Information —
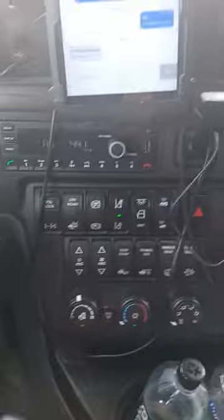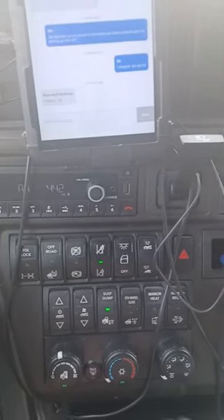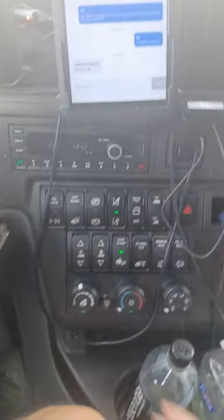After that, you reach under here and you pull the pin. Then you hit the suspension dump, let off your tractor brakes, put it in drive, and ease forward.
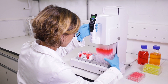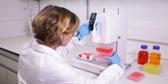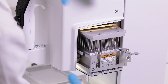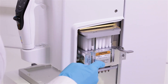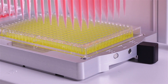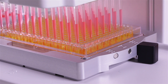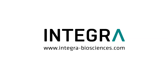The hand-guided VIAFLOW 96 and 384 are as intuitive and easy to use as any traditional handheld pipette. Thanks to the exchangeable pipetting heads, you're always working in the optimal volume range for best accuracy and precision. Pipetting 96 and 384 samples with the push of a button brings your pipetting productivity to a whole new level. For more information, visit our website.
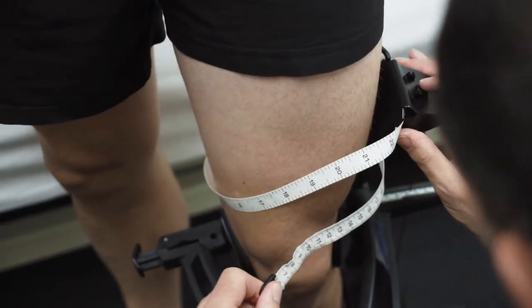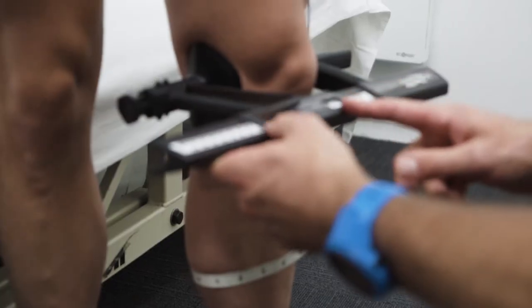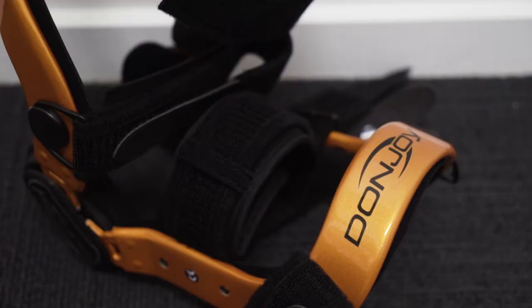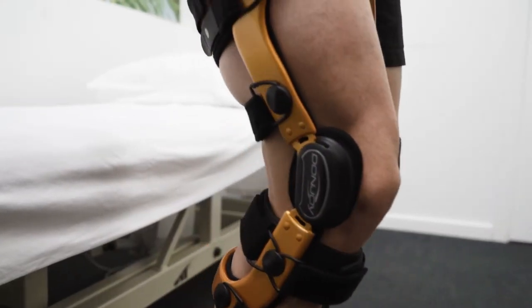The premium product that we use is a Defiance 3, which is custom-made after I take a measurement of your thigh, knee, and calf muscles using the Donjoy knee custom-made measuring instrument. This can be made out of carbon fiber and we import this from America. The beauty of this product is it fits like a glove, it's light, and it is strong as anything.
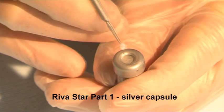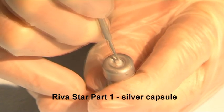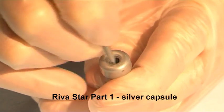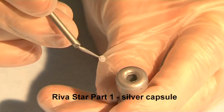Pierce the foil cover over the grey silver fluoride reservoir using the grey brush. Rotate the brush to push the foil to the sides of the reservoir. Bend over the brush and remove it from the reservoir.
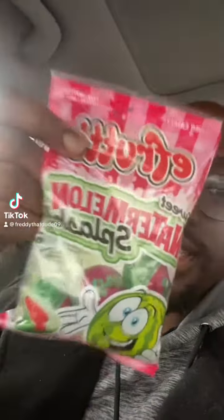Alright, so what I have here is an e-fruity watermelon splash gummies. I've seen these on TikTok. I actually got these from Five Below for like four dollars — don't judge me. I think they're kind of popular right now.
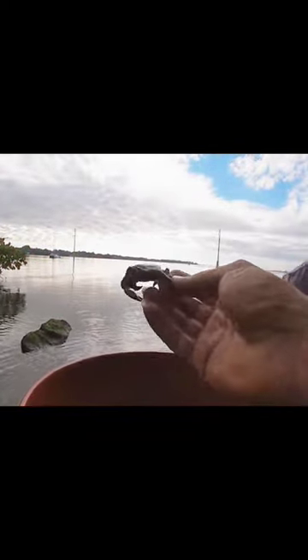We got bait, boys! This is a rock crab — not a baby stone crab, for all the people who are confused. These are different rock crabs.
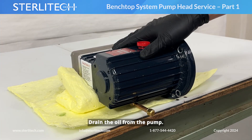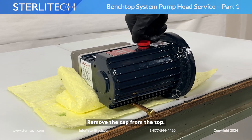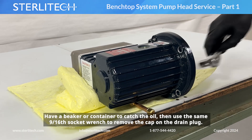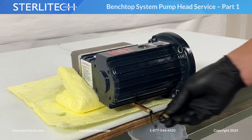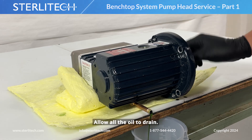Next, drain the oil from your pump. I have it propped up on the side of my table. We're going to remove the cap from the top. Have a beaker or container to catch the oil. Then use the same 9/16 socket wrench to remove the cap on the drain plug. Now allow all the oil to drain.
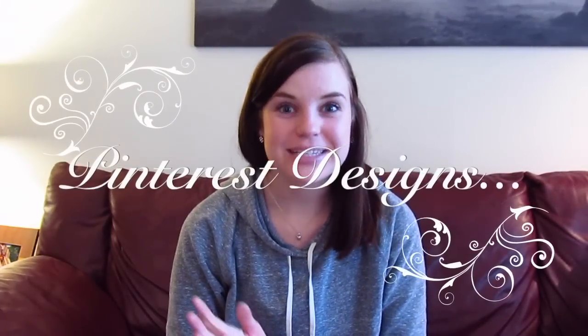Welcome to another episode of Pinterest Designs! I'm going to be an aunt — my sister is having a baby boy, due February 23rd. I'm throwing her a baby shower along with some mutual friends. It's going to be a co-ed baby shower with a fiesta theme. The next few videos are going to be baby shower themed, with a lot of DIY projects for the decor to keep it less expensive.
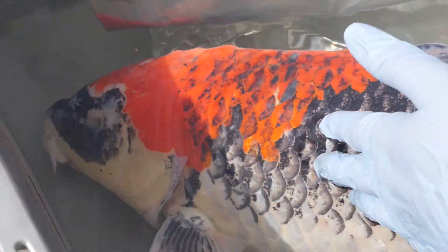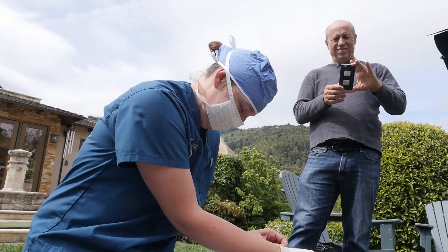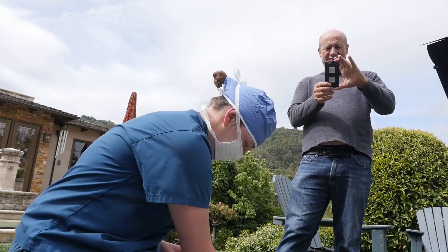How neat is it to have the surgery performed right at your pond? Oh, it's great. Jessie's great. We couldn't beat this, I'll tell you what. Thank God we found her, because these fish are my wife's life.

Task instructions — Above this task is a listing with pictures in it. Retype only the lines from the one containing "The hand-guided VIAFLOW" through the one containing "We got bait, boys!", both included, and not the pictures.

Solution to this problem —
The hand-guided VIAFLOW 96 and 384 are as intuitive and easy to use as any traditional handheld pipette. Thanks to the exchangeable pipetting heads, you're always working in the optimal volume range for best accuracy and precision. Pipetting 96 and 384 samples with the push of a button brings your pipetting productivity to a whole new level. For more information, visit our website.
The premium product that we use is a Defiance 3, which is custom-made after I take a measurement of your thigh, knee, and calf muscles using the Donjoy knee custom-made measuring instrument. This can be made out of carbon fiber and we import this from America. The beauty of this product is it fits like a glove, it's light, and it is strong as anything.
Pierce the foil cover over the grey silver fluoride reservoir using the grey brush. Rotate the brush to push the foil to the sides of the reservoir. Bend over the brush and remove it from the reservoir.
Alright, so what I have here is an e-fruity watermelon splash gummies. I've seen these on TikTok. I actually got these from Five Below for like four dollars — don't judge me. I think they're kind of popular right now.
We got bait, boys! This is a rock crab — not a baby stone crab, for all the people who are confused. These are different rock crabs.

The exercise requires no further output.